───── EXCERPTED RECORDS ─────
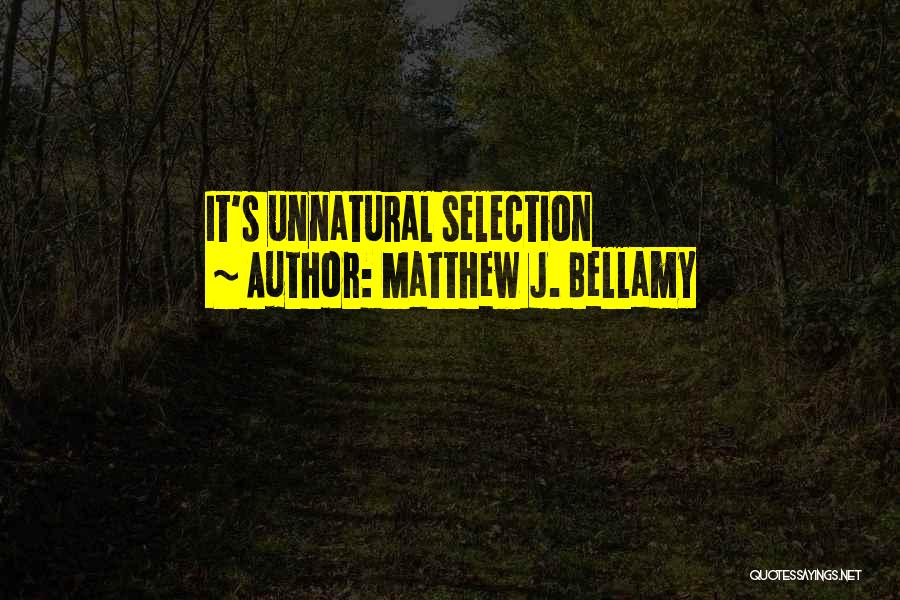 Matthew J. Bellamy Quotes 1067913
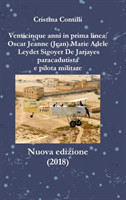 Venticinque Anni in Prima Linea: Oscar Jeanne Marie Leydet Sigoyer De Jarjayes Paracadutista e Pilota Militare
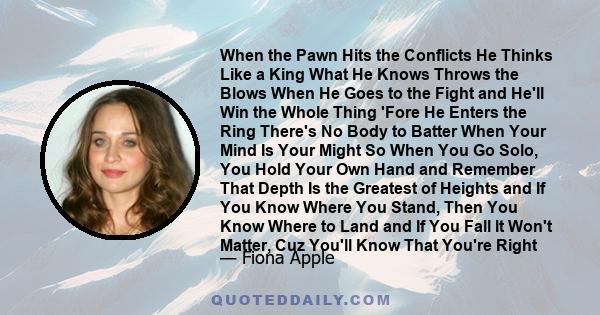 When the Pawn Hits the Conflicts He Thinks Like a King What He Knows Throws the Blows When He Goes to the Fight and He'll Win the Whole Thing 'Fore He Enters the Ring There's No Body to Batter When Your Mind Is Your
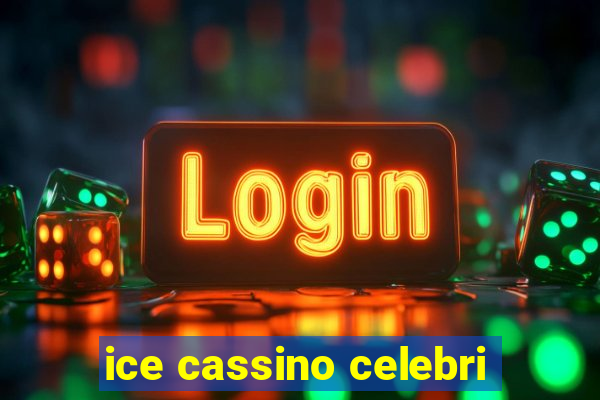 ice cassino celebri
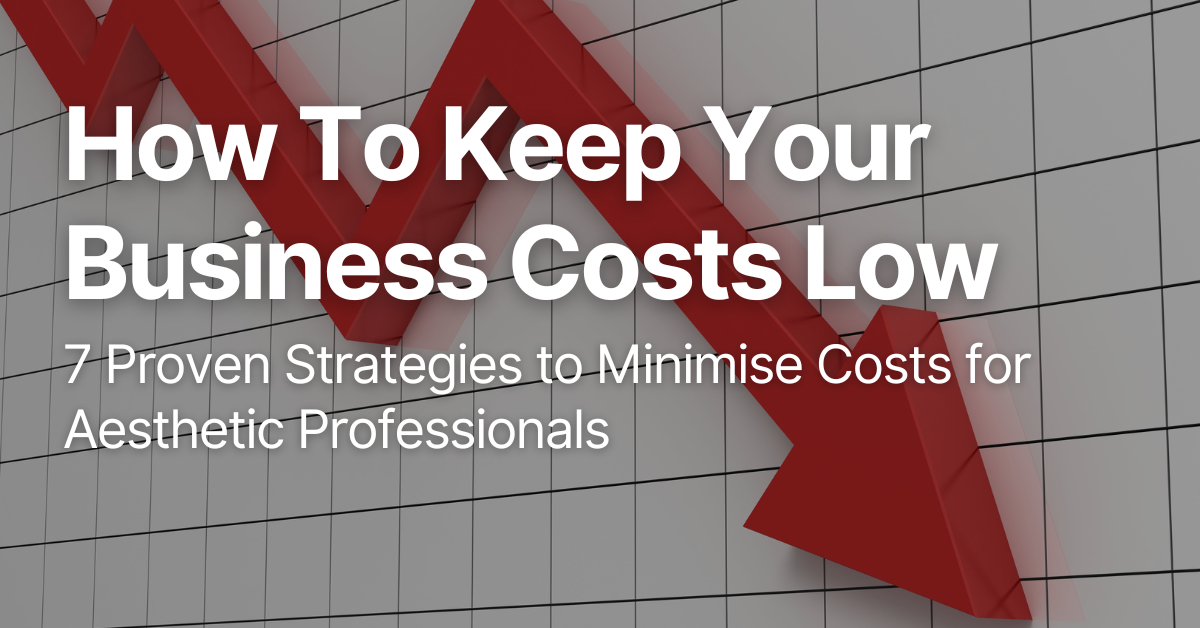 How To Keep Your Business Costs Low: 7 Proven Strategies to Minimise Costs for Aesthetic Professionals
─────
> **ABOUT THIS TASK**
Retype each line of the data exactly, beginning with the first; include the line containing "Venticinque Anni in" and stop there, skipping every picture.

> **ANSWER BOX**
 Matthew J. Bellamy Quotes 1067913
 Venticinque Anni in Prima Linea: Oscar Jeanne Marie Leydet Sigoyer De Jarjayes Paracadutista e Pilota Militare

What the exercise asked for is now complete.